The recent decision by Marissa Mayer to abolish telecommuting at Yahoo has sparked a firestorm of criticism and debate in social media platforms and executive suites, and put a spotlight on the increasingly accepted practice of virtual work. You can review a good summary of the polemic here. Certainly, at first glance the policy change seems to go against prevailing workplace trends and HR logic – where maximized work-life balance fosters more happy, productive employees. Telecommuting is a growing trend and seems a boon to both employees and companies alike (statistics I’ve seen suggest productivity increases with flexible work arrangements.)
This response – from none other than Richard Branson – is fairly typical of the strong negative reactions to the Yahoo move, which suggest the blunt directive is anachronistic and short-sighted. Some of the criticisms have even questioned Mayer’s feminist bona-fides – such as Maureen Dowd’s column suggesting Mayer’s gilded work arrangement may be clouding her understanding of the needs of other working women. It should be noted not all the comments were negative. Several like this one featured Yahoo insiders who praised the move, suggesting there were too many slackers taking advantage of the loose workplace rules. Other commentators argued that the company’s growth and survival trumps any workplace conveniences.
One of the realities that I found missing in some of the comments is that in all flexible workplaces – in particular those promoting working from home – there’s always been an implied, or formal contract, featuring one or all of the following requirements:
- There’s no blanket policy – Each job/role should be evaluated if and how it lends itself to telecommuting, and in many cases senior leaders or group leaders understand their roles preclude being based off-site for extended periods of time.
- Productivity trumps convenience – If a case can be made the efficiency and output of employees is suffering due to telecommuting, then the policy should be revisited.
- It’s not all of nothing – Most people I’ve worked with over the years operated in a blended routine that includes both virtual work (from the home or other outposts) and occasional face-to-face interaction, such as quarterly meetings or special retreats.
- Circumstances change…and so may your job – Employees must recognize that workplace policies are fluid and can (and must) change to ensure they remain viable and relevant in the context of the company’s evolving performance and objectives. The fact that telecommuting is a policy now is not a guarantee or excuse for keeping it in perpetuity.
In defense of Yahoo’s blanket ban on working from home, many of the negative comments seem to conveniently ignore the company is on a steady downhill towards irrelevance and possible oblivion. Yahoo’s leaders made a strong case that business as usual wasn’t working and dramatic change was required not just to boost productivity, but also collaboration and innovation – both of which benefit greatly from sustained in-person interaction. Furthermore, company leaders are leaving the door open to further adjustments, saying this is the right solution for right now.

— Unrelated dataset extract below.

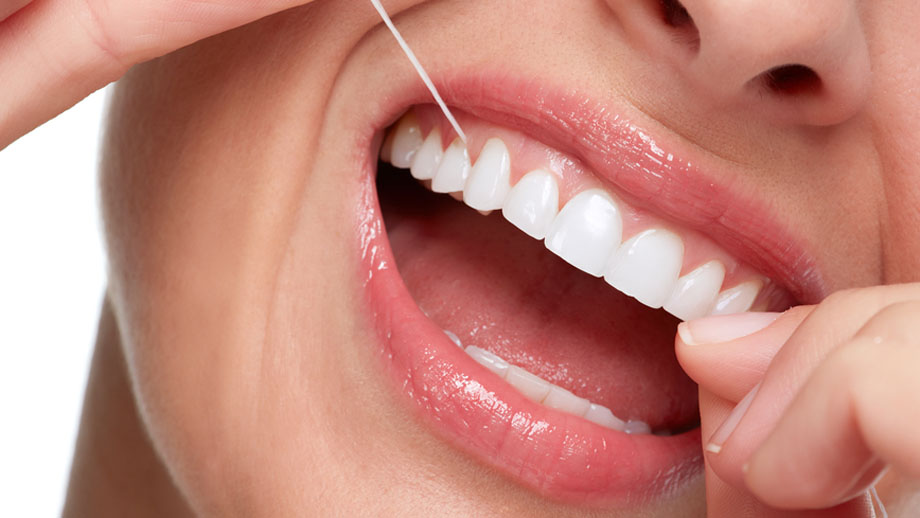 نخ دندان کشیدن - درمان بوی بد دهان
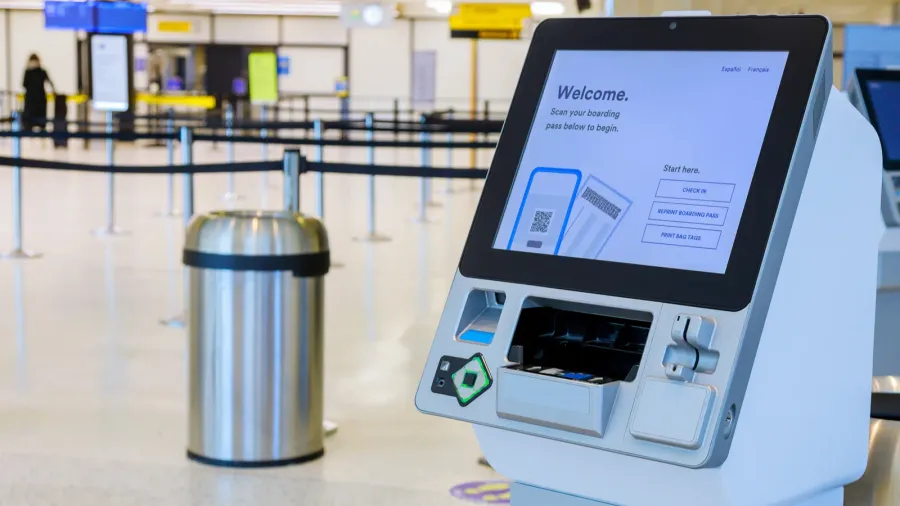 selfservice technology in transportation of self checkin kiosk in airport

As I thought further about this issue, however, I looked at my own situation, where work with global partners via Skype or other interactive platforms is the norm, and productivity rarely seems compromised by the lack of face-to-face interaction. In fact, the inherent flexibility of a virtual team has often been a boon to our performance – with more than one Skype call featuring folks at the breakfast table or quietly baby-sitting their children. Is it helpful to have in-person meetings on occasion? Certainly. But does that prelude a balanced model where virtual work is allowed for more routine work and collaboration. It should not.
In the final analysis, I believe Mayer could have taken a more nuanced, incremental approach, starting with a more disciplined policy and closer monitoring to weed out the worst abusers, but she likely felt that lacked the urgency the dire situation required. Ultimately, I think her blunt approach will backfire – if she doesn’t retreat from the decision altogether. (They left the door open for future changes in the policy, so this is perhaps the most likely outcome.) The unintentional message it sends to employees and prospects is that they can’t be trusted and don’t merit the same flexibility and options that are given to most other technology companies – particularly those based in Silicon Valley. After all, though productivity is certainly paramount it cannot be achieved without employee engagement and goodwill. Given this context, Mayer may win the immediate battle for innovation, but lose the longer war for talent.